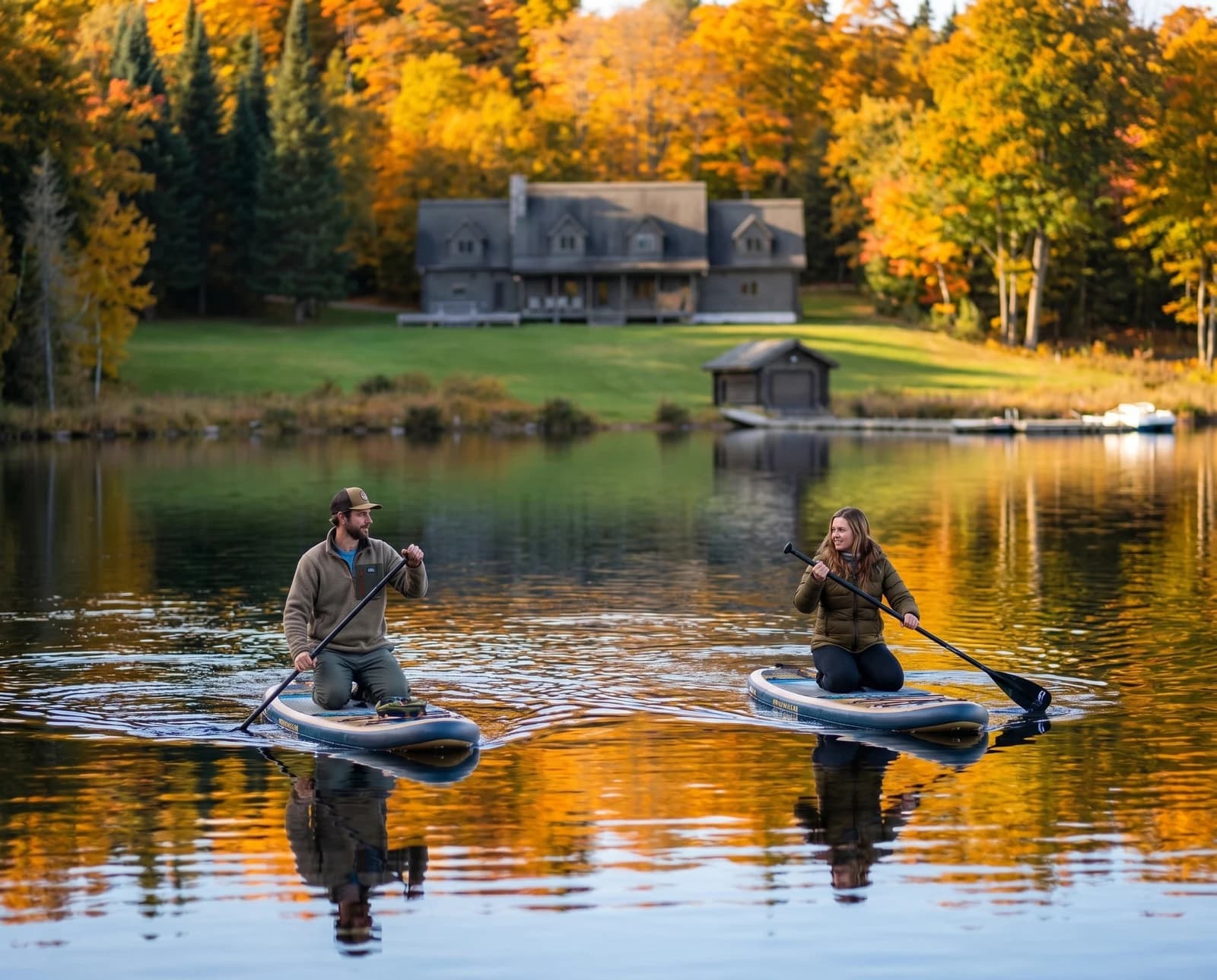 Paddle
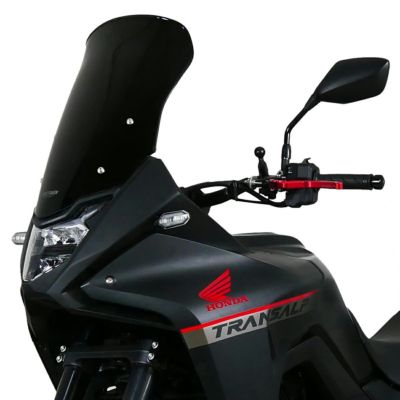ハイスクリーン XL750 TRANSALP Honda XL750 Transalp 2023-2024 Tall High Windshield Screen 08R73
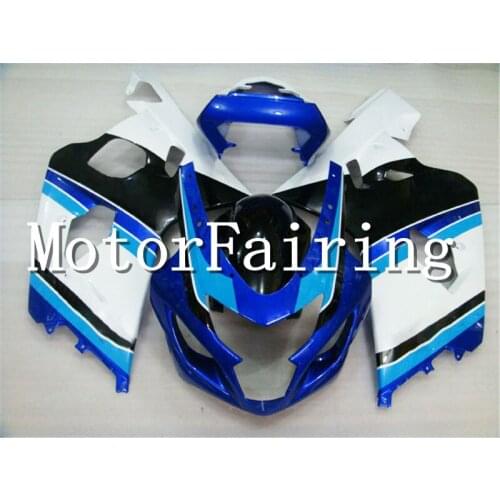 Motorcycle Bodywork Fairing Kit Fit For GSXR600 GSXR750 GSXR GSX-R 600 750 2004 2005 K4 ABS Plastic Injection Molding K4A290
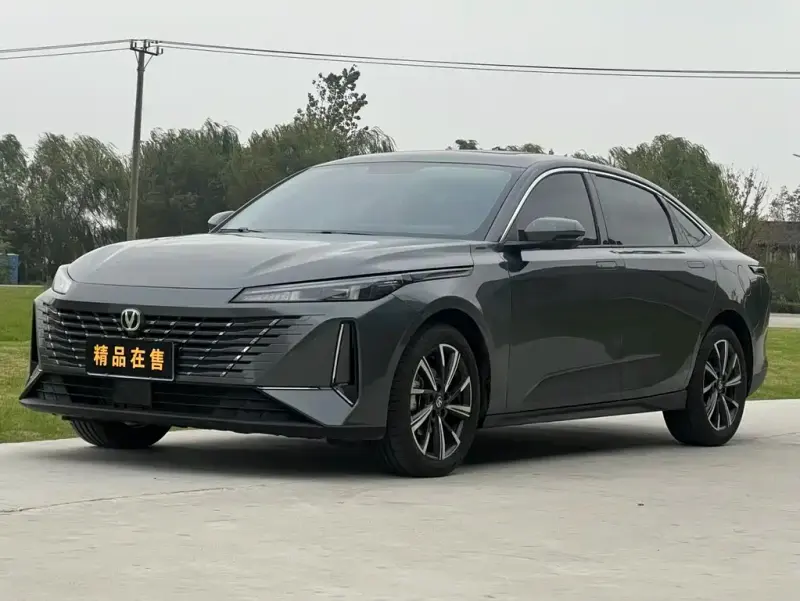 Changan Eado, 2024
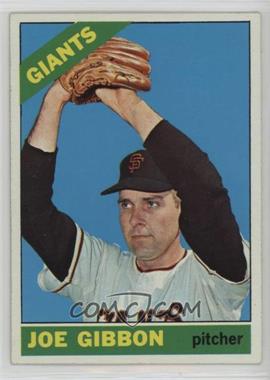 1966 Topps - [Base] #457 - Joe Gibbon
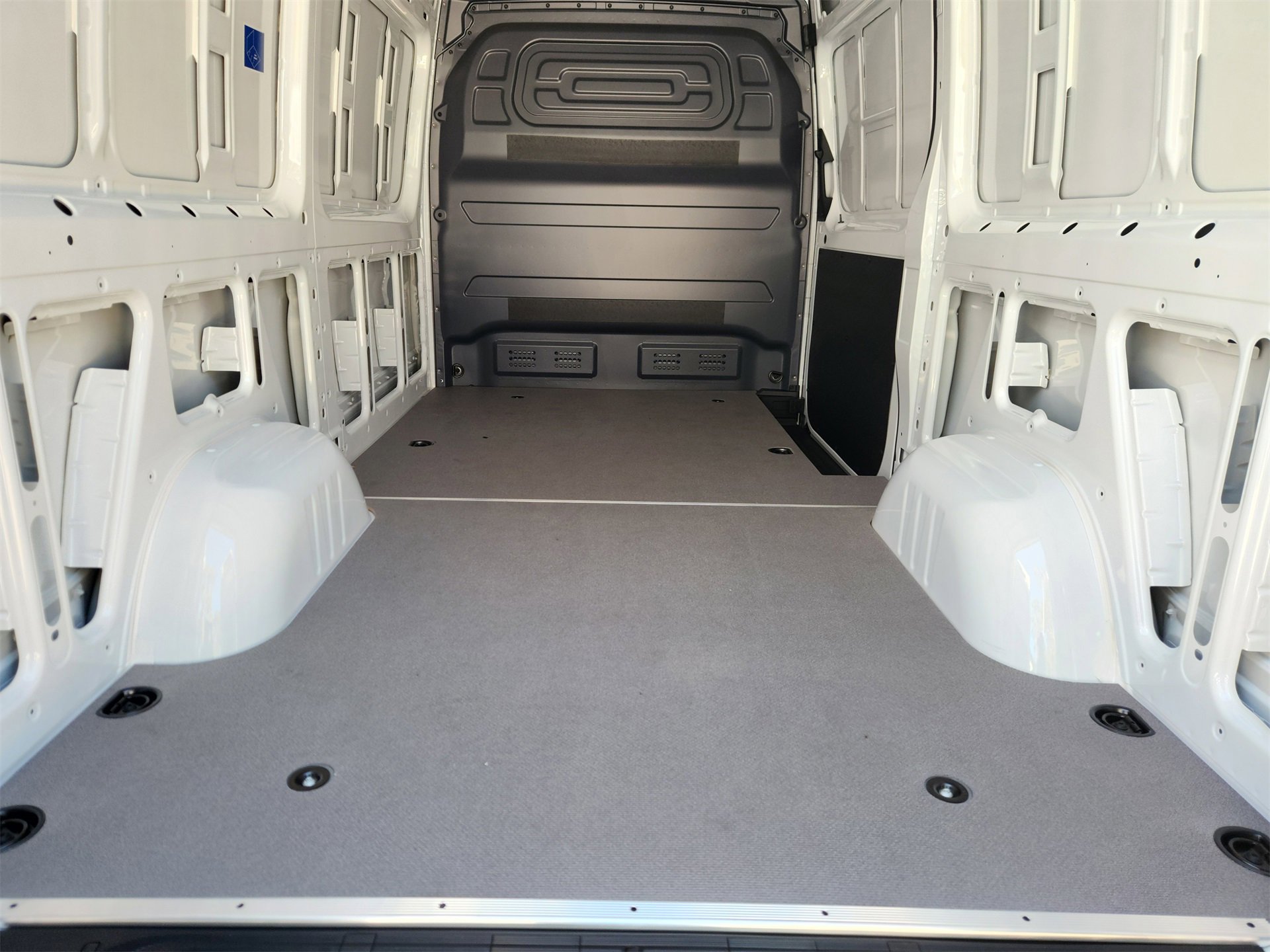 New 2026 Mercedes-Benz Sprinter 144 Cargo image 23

···

» Work item: The answer must be an exact copy of the entries, with the pictures omitted.

» Result:
 Paddle
ハイスクリーン XL750 TRANSALP Honda XL750 Transalp 2023-2024 Tall High Windshield Screen 08R73
 Motorcycle Bodywork Fairing Kit Fit For GSXR600 GSXR750 GSXR GSX-R 600 750 2004 2005 K4 ABS Plastic Injection Molding K4A290
 Changan Eado, 2024
 1966 Topps - [Base] #457 - Joe Gibbon
 New 2026 Mercedes-Benz Sprinter 144 Cargo image 23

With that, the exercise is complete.